Updated guidelines make some useful — if obvious — points. Investigators should focus from the beginning on employees who actually commit the misconduct. Companies don't deserve credit for cooperating without fingering individual wrongdoers. And executives shouldn't be allowed to shift the blame to lowly minions.
Yet the new rules come off as little more than crisis management. Public baying for banker blood after the financial crisis led President Barack Obama in 2008 to create the Financial Fraud Enforcement Task Force. In the 2012 State of the Union address, he announced a financial crimes unit. Last February, his attorney general gave prosecutors 90 days to bring crisis-related cases against individuals. The results: depressingly few convictions of banking bigwigs.
The problem was rarely a lack of effort, though. Prosecutors surely would have loved to bring down the likes of former Countrywide boss Angelo Mozilo. Criminal cases, however, require evidence of intentional wrongdoing beyond a reasonable doubt. That's a high bar, especially when sophisticated executives can argue they followed the advice of lawyers and accountants. It's undoubtedly a big reason why investigations involving Lehman Brothers, IndyMac and others went nowhere.

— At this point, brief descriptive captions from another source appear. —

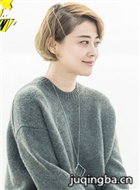 ��Ů�˵�ս����Ա��_ȫ����Ա�������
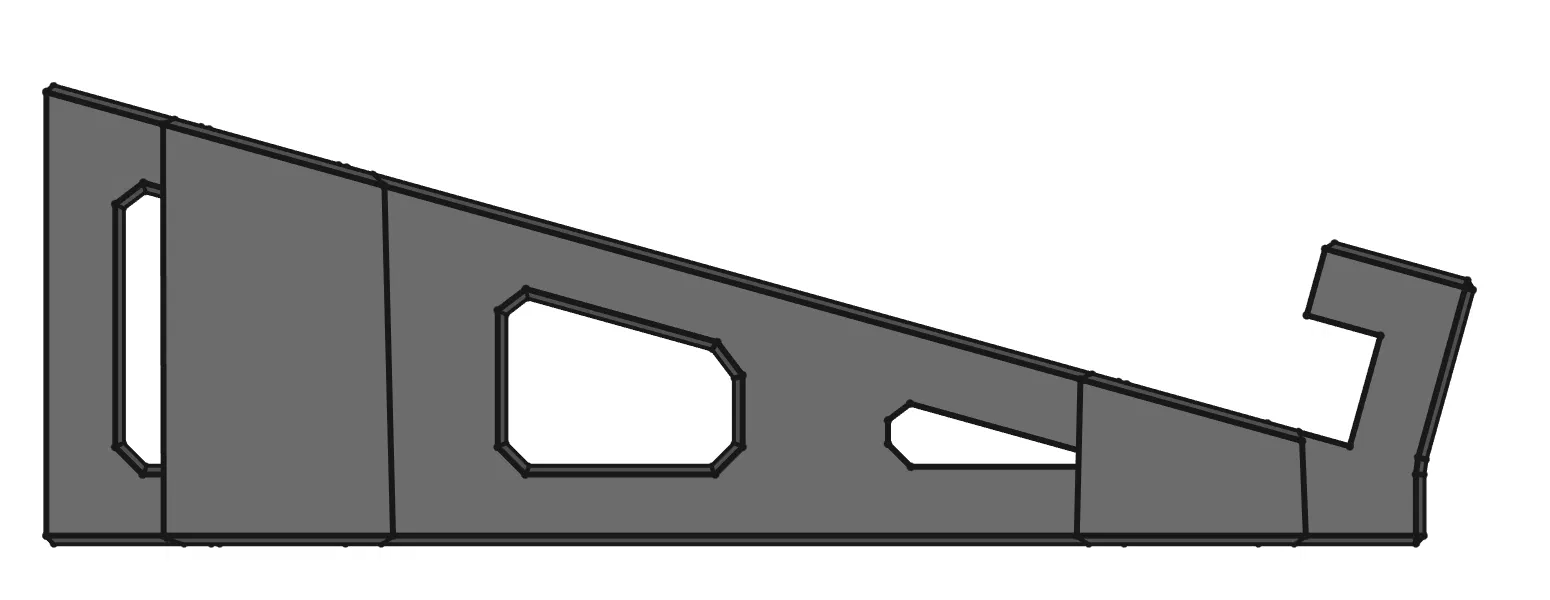 Giá Đỡ Laptop - Image 30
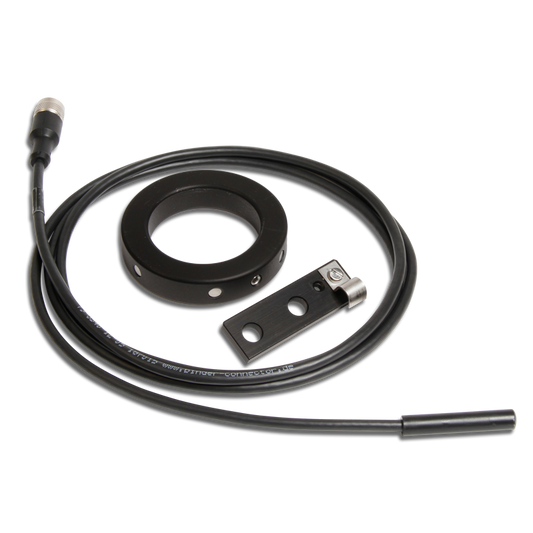 KIT SENSOR DE VELOCIDADE DISCO MAGNETICO UNIPRO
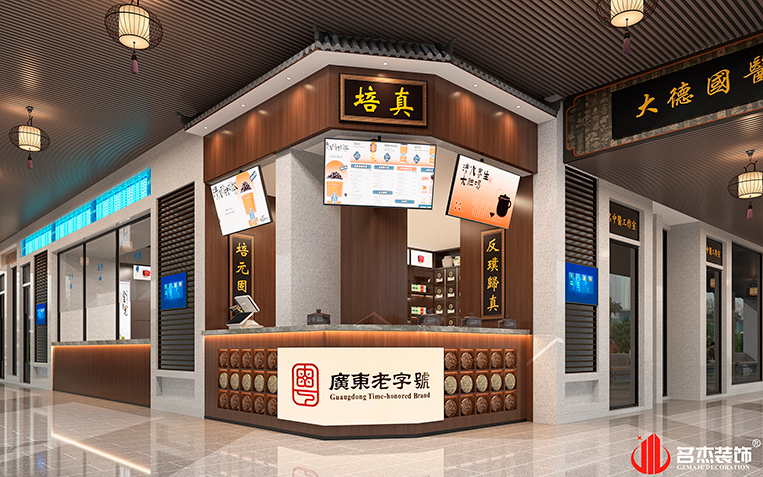 Ag亚洲集团(中国区)官方网站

Enforcers and regulators have plenty of room to improve, though. They could start by curbing the practice of setting aside rules that keep criminals from holding banking licenses or engaging in the securities business. Such waivers rendered guilty pleas from the likes of Citigroup, BNP Paribas and Royal Bank of Scotland essentially toothless.
Prosecutors also could pick their battles more sensibly. The 2009 acquittal of former Bear Stearns hedge fund managers was a predictable embarrassment. The failure to nab a former mid-level Citigroup executive for selling dodgy mortgage securities exposed a weak case. Insider trading convictions grab headlines but don't address most financial misconduct.
Bone-headed bets are, of course, far more common on Wall Street than is criminal wrongdoing. That shouldn't dissuade lawmen from keeping vigilant watch. The C-suite won't be intimidated, though, until they start walking the walk.